How about these, Professor:
p.6 (Ventolin HFA NDA) "Unfavorable changes in physical examinations were observed in the ears, nose, and throat category as follows: 8% placebo HFA; 13% albuterol HFA; and 5% albuterol CFC."
(And remember, we can't blame these problems on ethanol, because Ventolin HFA has no ethanol. These problems are caused by other inactive ingredients and impurities unique to Ventolin HFA.)
NOTE: The placebo HFA did worse than albuterol CFC. What does this say about the safety of HFA-134a propellant?
NOTE: Albuterol HFA did much worse than placebo HFA. What does this say about the safety of the impurities and inactive ingredients in albuterol HFA?
NOTE: Albuterol HFA did much worse than albuterol CFC. What does this say about the credibility of the QUACKS who ASSURE us that albuterol HFA is just as safe as albuterol CFC?
VENTOLIN HFA's Adverse Reactions chart (page 5) shows the following differences in adverse reactions compared to CFC albuterol:
The incidence of THROAT IRRITATION in two 12 week clinical trials was 10% for Ventolin HFA vs. 6% for CFC albuterol.
The incidence of VIRAL RESPIRATORY INFECTION in two 12 week clinical trials was 7% for Ventolin HFA vs. 4% for CFC albuterol.
The incidence of COUGH (a common asthma symptom) in two 12 week clinical trials was 5% for Ventolin HFA vs. 2% for CFC albuterol.
NOTE: There were no adverse reactions occurring more frequently in CFC inhalers compared to Ventolin HFA.
PROVENTIL HFA's Adverse Reactions chart (page 3) shows the following differences in adverse reactions compared to CFC albuterol:
The incidence of TACHYCARDIA (rapid heart beat) during the 12 week clinical trials was over 7% for Proventil HFA vs. 2% for CFC albuterol.
The incidence of VOMITING during the 12 week clinical trials was 7% for Proventil HFA vs. 2% for CFC albuterol.
The incidence of FEVER during the 12 week clinical trials was 6% for Proventil HFA vs. 2% for CFC albuterol.
The incidence of BACK PAIN during the 12 week clinical trials was 4% for Proventil HFA vs. 2% for CFC albuterol.
The incidence of ALLERGIC REACTIONS during the 12 week clinical trials was 6% for Proventil HFA vs. 4% for CFC albuterol.

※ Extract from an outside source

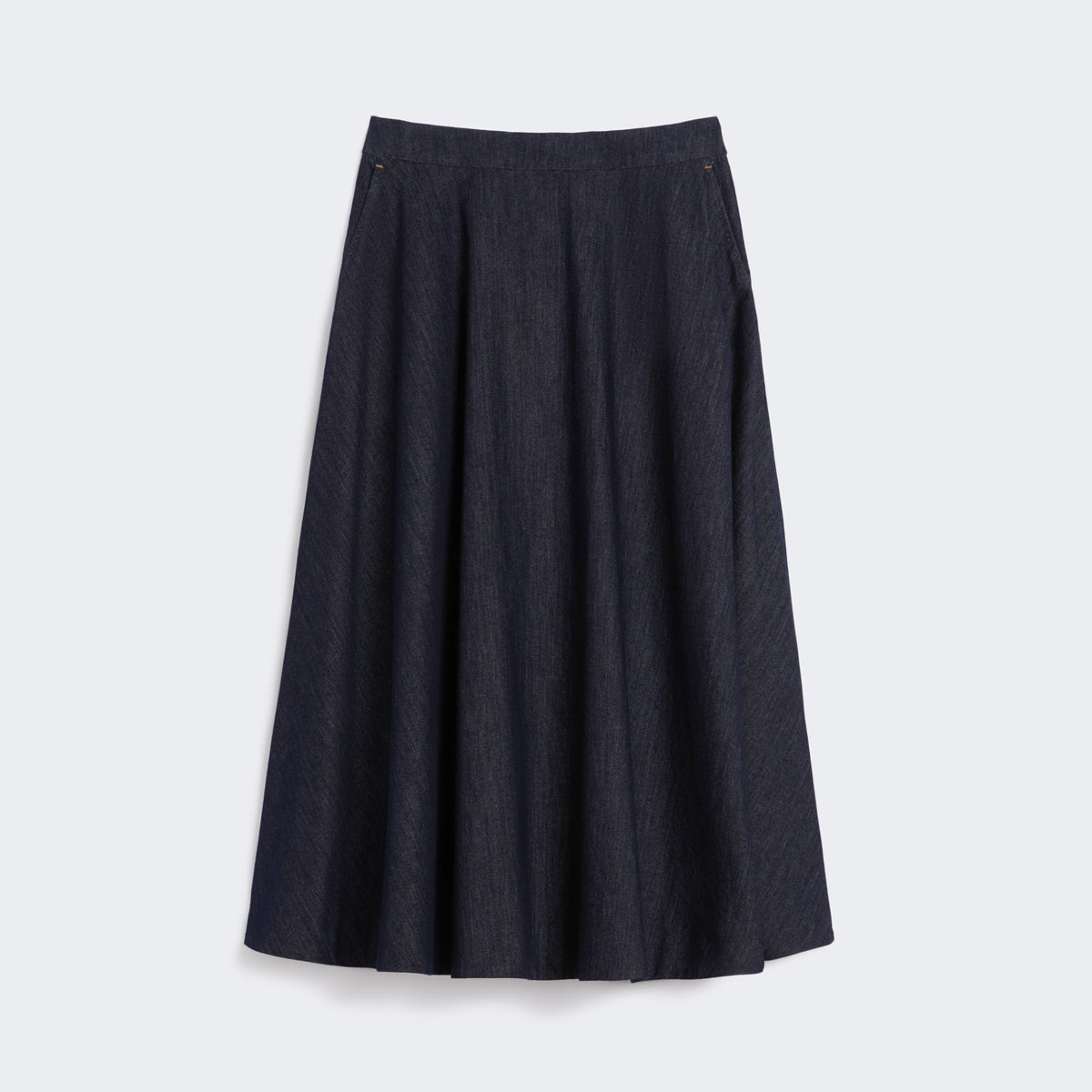 S MAX MARA Cecile Flared Denim Skirt in Ultramarine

The incidence of RESPIRATORY DISORDERS during the 12 week clinical trials was 6% for Proventil HFA vs. 4% for CFC albuterol.
But Professor Wanner says there's "no data" to show that albuterol HFA has more systemic side effects than albuterol CFC. That's his story, and he's sticking to it.
We refer you to the HFA MDIs: Just The Facts page to see three years of FDA MedWatch data, safety/withdrawal data from a large United Kingdom postmarketing study, and a New Zealand study, all of which further support our position that albuterol CFC is much safer than albuterol HFA, regardless of what 'experts' such as Professor Wanner say.
Third possible reason:
It is also likely that most of the politically inclined leaders of these Stakeholder organizations were pleased that they would 'have a seat at the table'; they probably enjoyed their proximity to U.S. and U.N. political power.
Fourth possible reason:
And certainly, IPAC's massive financial contributions to these nine Stakeholder organizations, in various ways over many years, helped these phony 'patient advocate' nonprofit organizations (aka patient front groups) and Men of Science In White Coats overlook the fact that the ban of CFC asthma inhalers was medically, scientifically and morally bankrupt.
We know one thing for sure.
None of these nine organizations gave a damn about patient safety, because all of them pressured the FDA to speed up the ban of CFC asthma inhalers (at the behest of their drug company masters) despite the fact that simple common sense dictated that large scale, real world postmarketing studies of HFA inhalers be done before depriving 40 million patients of their lifesaving CFC inhalers.